- Data extract:

[Start of section]

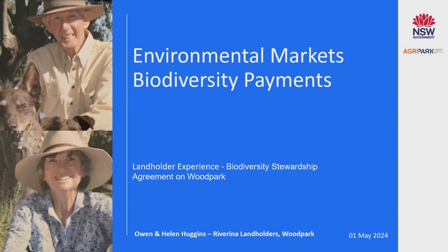Good morning and thank you to LLS and AgriPart for making this forum a chance to speak today. We've got 10 minutes to talk about our experiences with conservation agreements at Wood Park.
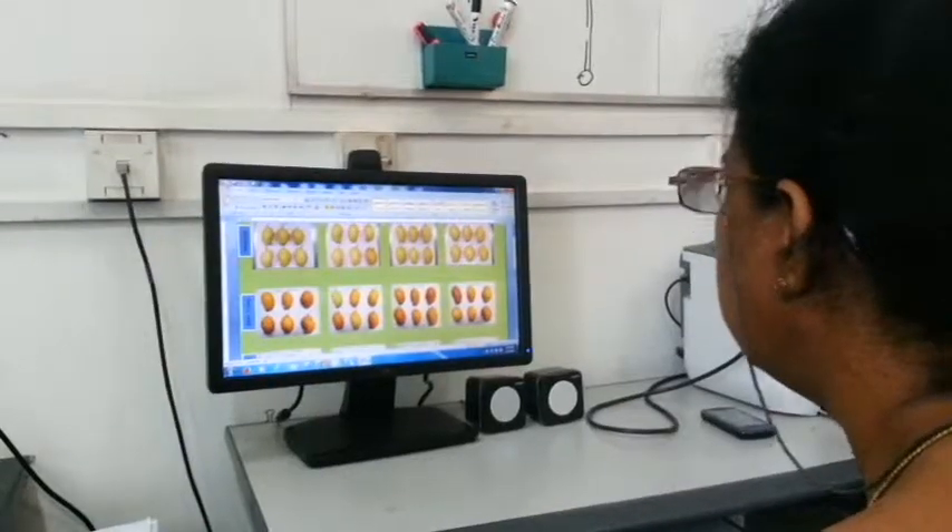The data was finally statistically analysed and the results generated.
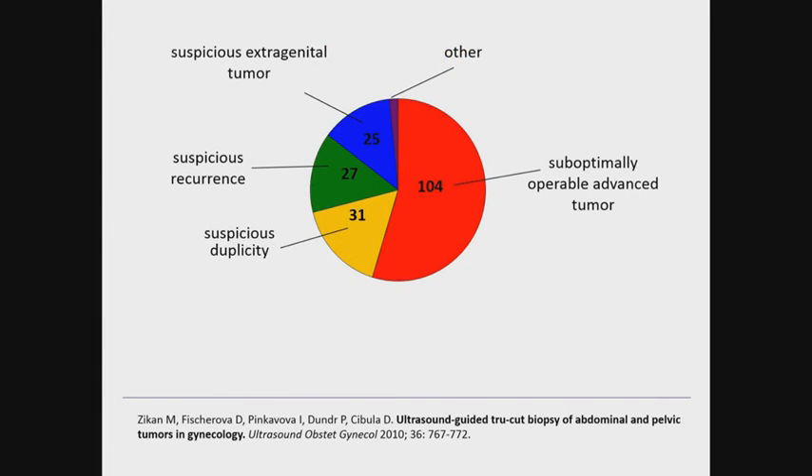In 2010, we published the largest series of true-cut biopsies so far. The majority of biopsies were done for sub-optimally operable advanced tumours, about one-third for suspicious duplicity — meaning presence of metastatic tumour in the pelvis or abdomen — approximately one-third for suspicious recurrent disease in cases of doubt about the presence of recurrence, and approximately one-quarter for suspicious or apparent extragenital tumour in the pelvis or abdomen.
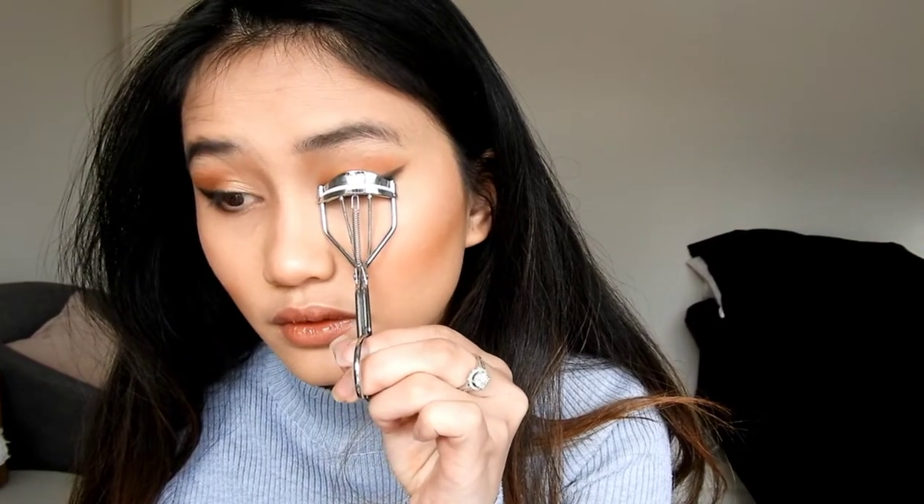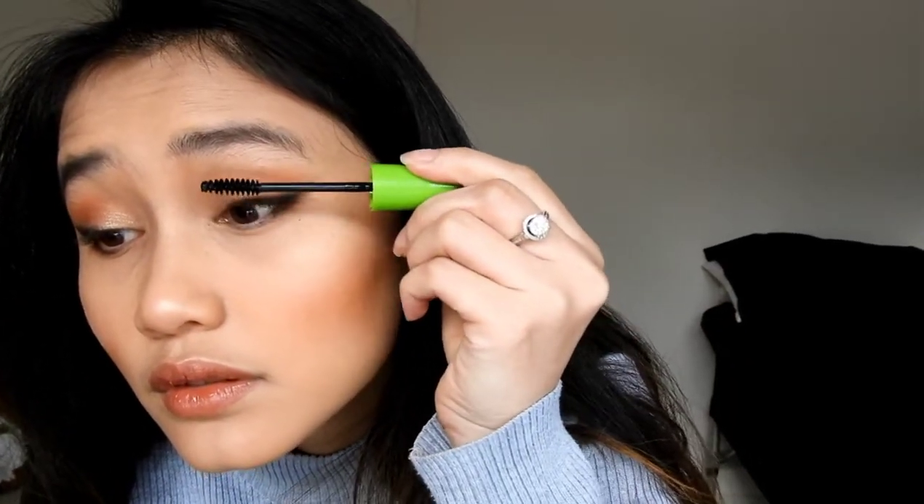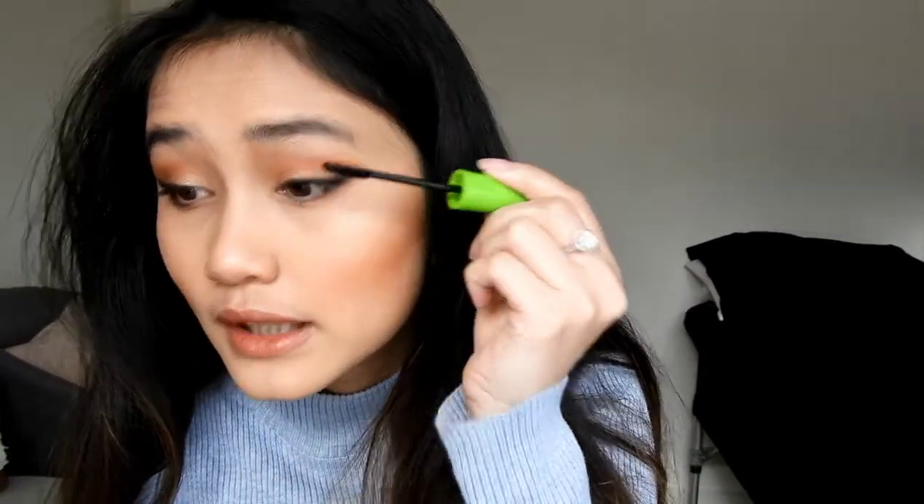Sorry about that noise, I think it's from outside. So that's my look, and we're off to my eyelashes. Let's curl them. And that's done. I'm not going to use any fake lashes because it's just going to be too much, and I'm happy with my look for the video.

[End of section]

- Task prompt: Quote, please, only the lines running from the one with "In 2010, we" down to the final line of the data above, keeping both ends and skipping the pictures.

- Solution below:
In 2010, we published the largest series of true-cut biopsies so far. The majority of biopsies were done for sub-optimally operable advanced tumours, about one-third for suspicious duplicity — meaning presence of metastatic tumour in the pelvis or abdomen — approximately one-third for suspicious recurrent disease in cases of doubt about the presence of recurrence, and approximately one-quarter for suspicious or apparent extragenital tumour in the pelvis or abdomen.
Sorry about that noise, I think it's from outside. So that's my look, and we're off to my eyelashes. Let's curl them. And that's done. I'm not going to use any fake lashes because it's just going to be too much, and I'm happy with my look for the video.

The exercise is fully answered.